Best Natural Wine Brands, Ranked

Natural wine has no official definition. Ask five sommeliers what "natural wine" means and you'll get five different answers. Some will give you many reasons to drink natural wine and its benefits. Others might pooh-pooh it as an overhyped fad. Though either or both of those answers may be true, neither of them gets to the heart of the matter (though there is a natural wine documentary you can watch to learn more).

A broad summary of natural wine is: nothing added, nothing taken away. That means winemakers follow organic farming practices and eschew additives on their vineyards and in their final product.

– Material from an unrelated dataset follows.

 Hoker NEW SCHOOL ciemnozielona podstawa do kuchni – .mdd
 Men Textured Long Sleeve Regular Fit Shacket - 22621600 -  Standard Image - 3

They grow fruit without the help of pesticides or herbicides and often rely on rainfall rather than irrigation to water their crops. During the vinification process, they use native yeasts rather than lab-cultured ones, and they skip preservatives and stabilizing agents (or use them sparingly). Many producers also elect to bottle their wines unfiltered, leading to higher sediment levels and a cloudier appearance. If you see some flecks floating around in your next natural wine, don't worry — they're supposed to be there! In short, natural wine is just fermented grape juice and nothing else. Simple as that.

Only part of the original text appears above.